The Reserve Bank of India (RBI) is widely expected to raise the cash reserve ratio (CRR), the level of cash banks must keep with the central bank, when it finalises policy on January 29.

Recent strong data has raised expectations that policy rates might also be raised, with December inflation at a one-year high of 7.31 per cent.

"We told the RBI that this is not the right time to hike rates and indicate increase in lending rates," the chairman of a state-run bank said, after a meeting with central bank officials ahead of the policy review.

Loan growth in India fell below 10 per cent in November despite a reduction of 300-350 basis points in lending rates since the start of 2009. Companies have been raising funds at cheaper rates from overseas.

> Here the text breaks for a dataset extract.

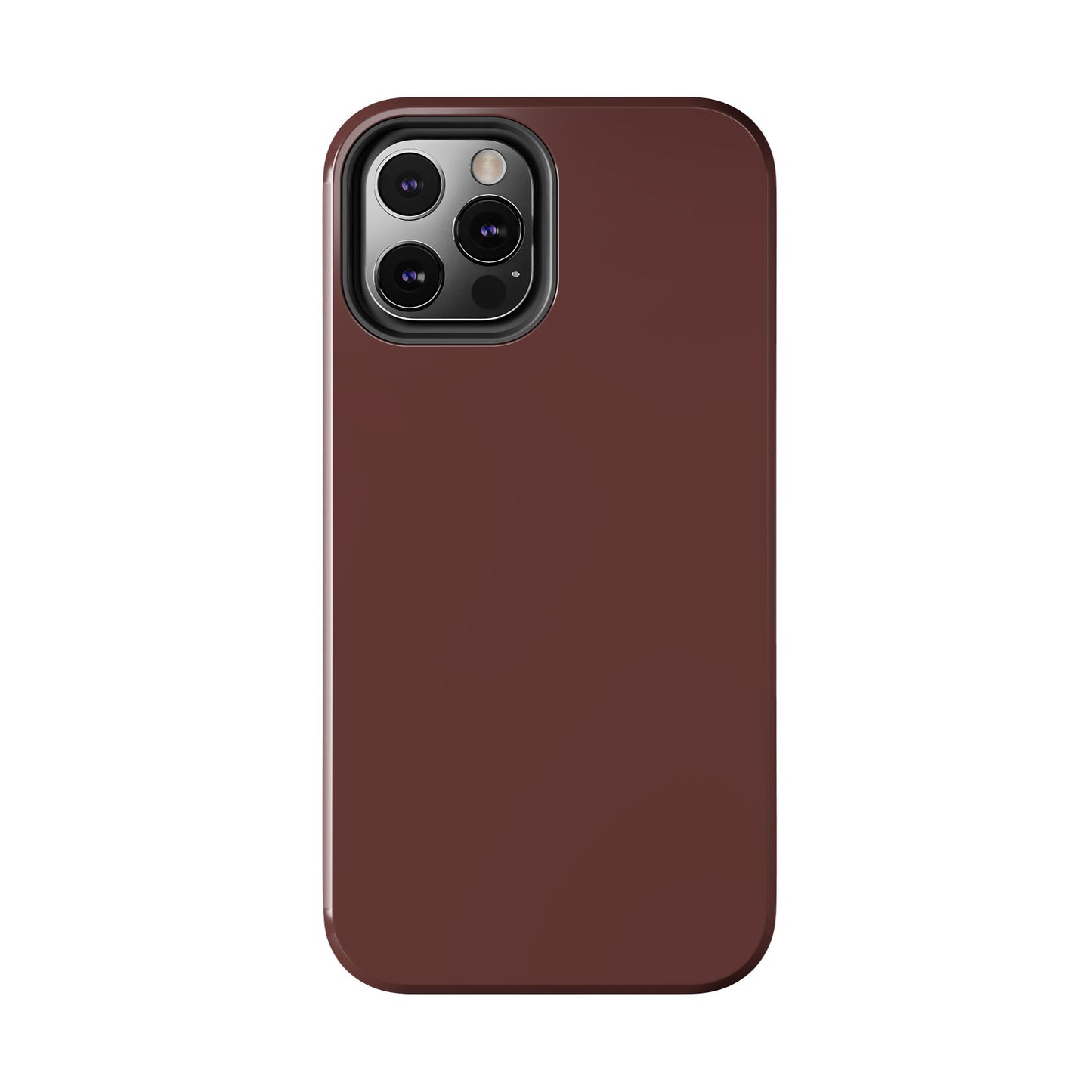 Phone Case - Garnet Color Fall 2025 Trending Color, Sturdy Phone Cases, Durable Cell Phone Covers, Trendy Gadget Protection, Unique Phone Accessories- iPhone, Samsung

Bankers said a pick-up in annual loan growth to 13.7 per cent on January 1 was unlikely to be sustained as the rise was caused by bunching of disbursements ahead of the December quarter end.

"Liquidity will be in abundance up to March as credit pick up is not happening," said M.V. Nair, head of the Indian Banks Association that represents all commercial banks in the country. Banks have been parking excess funds of around Rs800 billion (Dh64 billion) in the central bank's daily reverse repo auctions.